Il tutto, ha detto ancora Panetta, tenuto conto del fatto che “è essenziale uno stretto coordinamento fra autorità nazionali ed estere: l’integrazione dei mercati europei richiede, specia per attività cross-border, regole comuni da applicare con criteri omogenei. A tale scopo, la Banca d’Italia partecipa attivamente ai comitati internazionali che affrontano il tema dell’innovazione finanziaria”.
Consob al lavoro per fare il punto sulla normativa fintech.
Il vice direttore generale di Consob, Giuseppe D’Agostino, ha detto ieri che l’Authority sta lavorando con 12 università per verificare se la struttura normativa in tema di fintech sia in Italia in linea con quella prevalente a livello europeo o se ci siano dei correttivi da introdurre . L’analisi sarà pronta a fine anno e sarà presentata a inizio 2018.

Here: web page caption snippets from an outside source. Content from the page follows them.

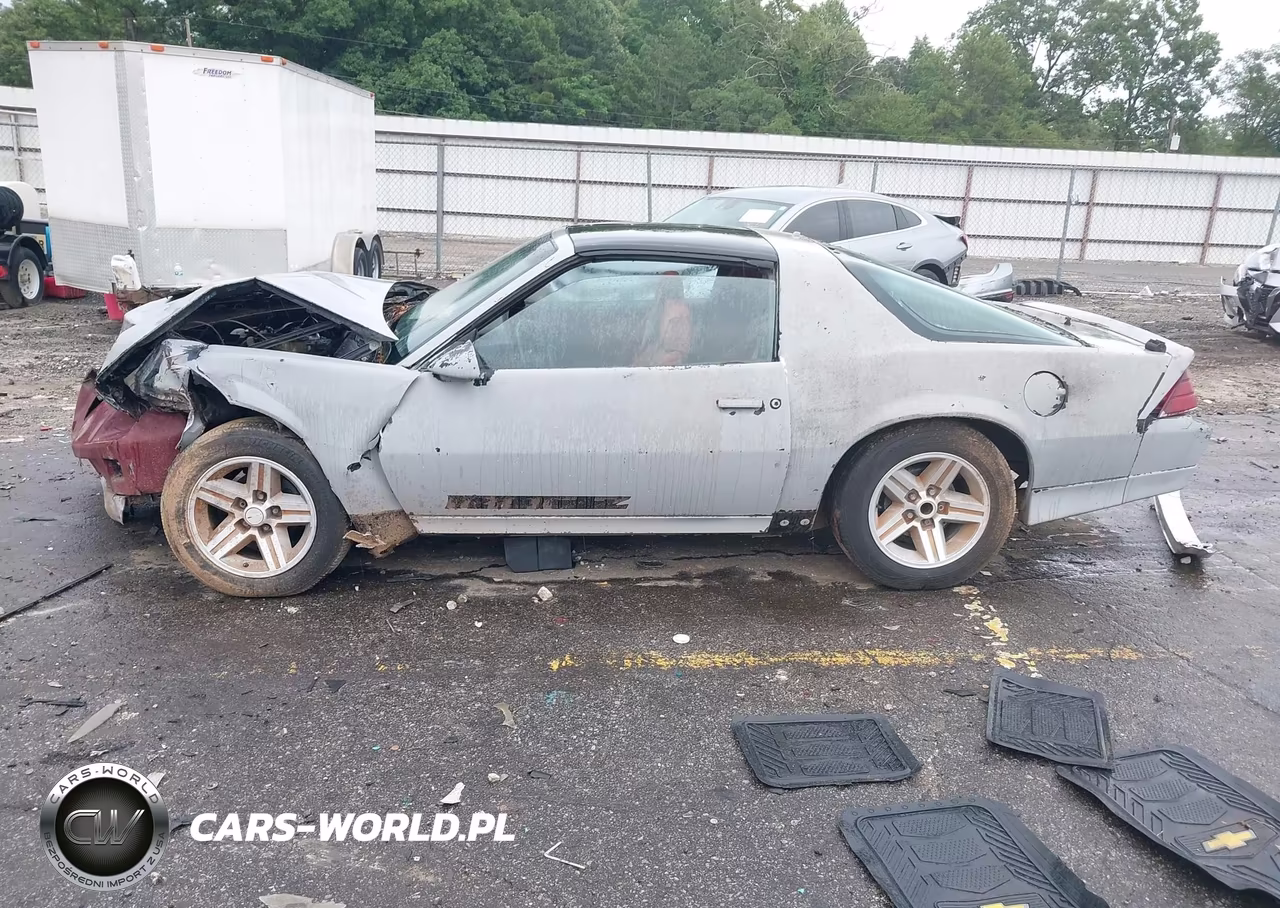 1985 Chevrolet Camaro VIN:1G1FP87F6FN130139 - 14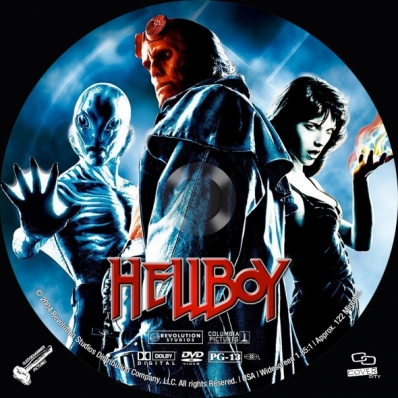 Hellboy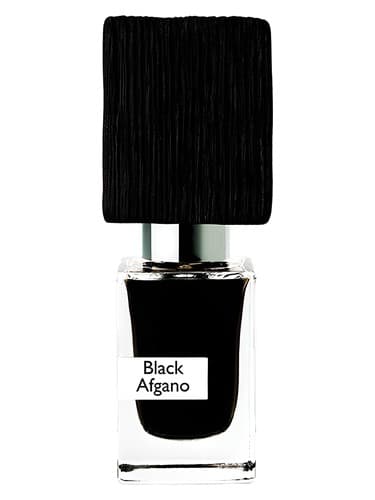 Black Afgano by Nasomatto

Peraltro proprio questo è lo spirito che ha mosso la Commissione Finanze della Camera a intraprendere una indagine conoscitiva sul fintech in Italia, partita un paio di settimane fa e tuttora in corso, su iniziativa dell’on. Sebastiano Barbanti (si veda altro articolo di BeBeez), a sua volta presente ieri a Milano al Fintech District.
L’indagine si propone infatti di acquisire conoscenze del settore, del suo impatto sull’ecosistema finanziario-bancario nonché degli interventi normativi da realizzare per tutelare i risparmiatori, ridurre i rischi sistemici, creare un contesto favorevole per l’ingresso di nuovi capitali dall’estero e favorire lo sviluppo del settore.